In California in recent years, nut jobs have become quite profitable: Almond, walnut, and pistachio theft is on the rise, and millions of dollars’ worth of nuts have been vanishing into thin air after they’re loaded onto truck beds and driven off into the distance. Investigators blame it on malicious middlemen.
Last week, Outside magazine published Peter Vigneron’s riveting story, “The Curious Case of the Disappearing Nuts.” Vigneron spent years investigating nut theft, which is apparently a big enough deal to have merited the formation of a law enforcement Nut Theft Task Force with half a dozen detectives, an Emergency Nut Theft Summit held by the Western Agricultural Processors Association, and even an FBI inquiry.
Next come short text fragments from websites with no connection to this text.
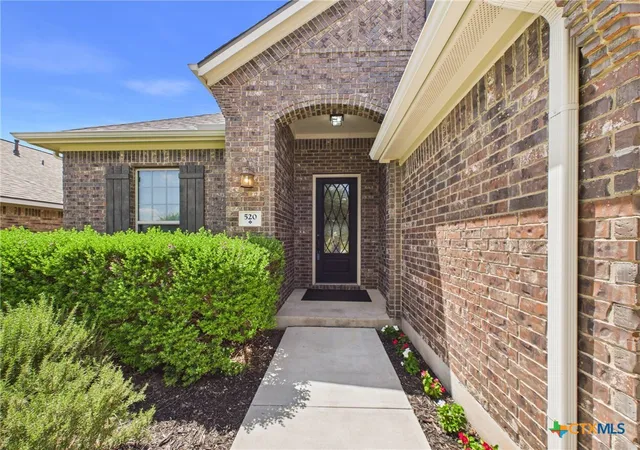 Photo 3 of Single family home for sale at 520 Academy Oaks Dr, San Marcos, TX 78666 | MLS# 618143 | Listing updated on 2026-08-05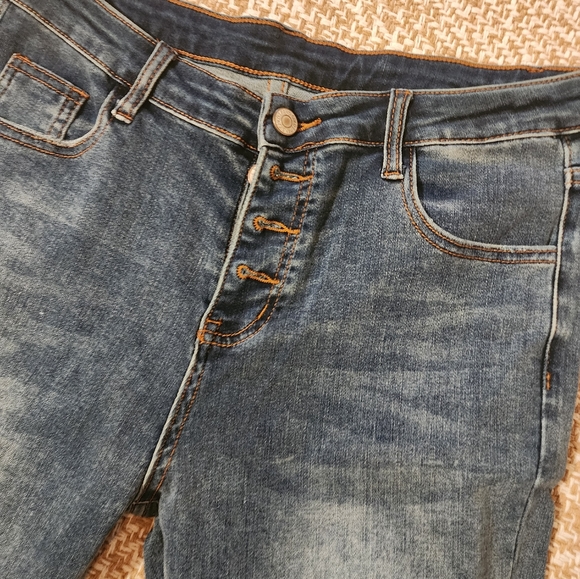 Super Cute Jeans - Picture 1 of 3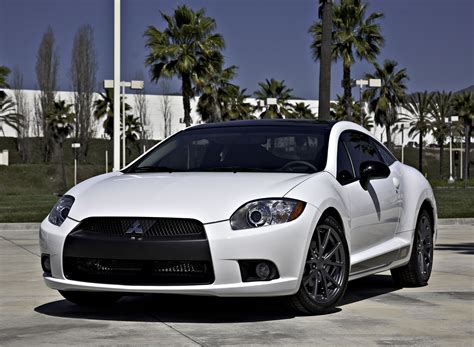 2012 Mitsubishi Eclipse photo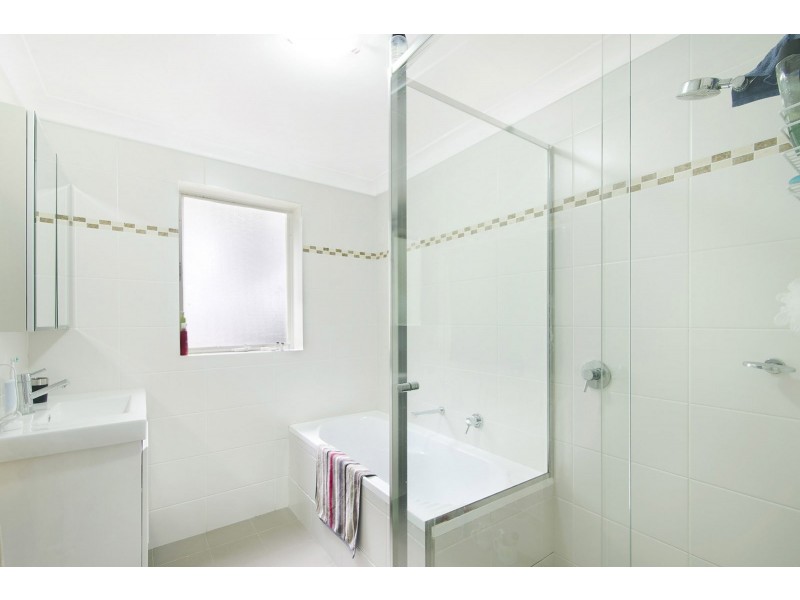 18/127 Burns Bay Road, Lane Cove NSW 2066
There’s reason to believe a nutty conspiracy is afoot. Here’s how the thefts tend to be organized: A truck with fake plates shows up at the farm or processor to pick up a load of nuts. Its driver is using a burner phone and someone else’s license. Sometimes the truck and its driver bear the name and paperwork of a real shipping company, sometimes the entire company is a fake. Sometimes the thieves don’t bother with any paperwork at all—they just break into a farm, back up just the tractor cab of their truck to link it up to an already full trailer, and drive off. The thefts are clean, fast, and smart. And all that sophistication makes perfect sense: “You steal 370,000 pounds of almonds, you’re not going to sell it on the side of the road,” said Rich Paloma, a reporter for the Oakdale Leader who told Vigneron that back in 2013, he began to suspect that the thefts were connected.
Vigneron explains that food is a pretty easy target for thieves. The evidence is consumed, and there aren’t many serial numbers in a truckload of raw pistachios. Farmers rely on brokers to connect them with trucking companies, and a private investigator told Vigneron that a broker’s vetting process can be pretty close to nonexistent, making it easy for a fake trucking company to contract for a shipment. Trucking companies bid on jobs through a Craigslist-style platform, and thieves posing as legitimate companies are in business as soon as they successfully bid for a shipment.
Half a dozen law enforcement officials told Vigneron they think many of the nut thefts originate with Armenian Power, a criminal group linked to a broader Russian organized-crime network. A few drivers have been prosecuted, but thefts continue as authorities try to collect evidence against the “bigger fish.” Meanwhile, nut farmers and processors are amping up security to stop “fictitious pickups,” the official term for the truck thefts.
So where do the stolen nuts end up? Sometimes Canada, sometimes Mexico, sometimes elsewhere in the United States. Vigneron asked a shipping security executive about who ends up buying the stolen nuts. “You do!” he answered. “You just don’t know it.”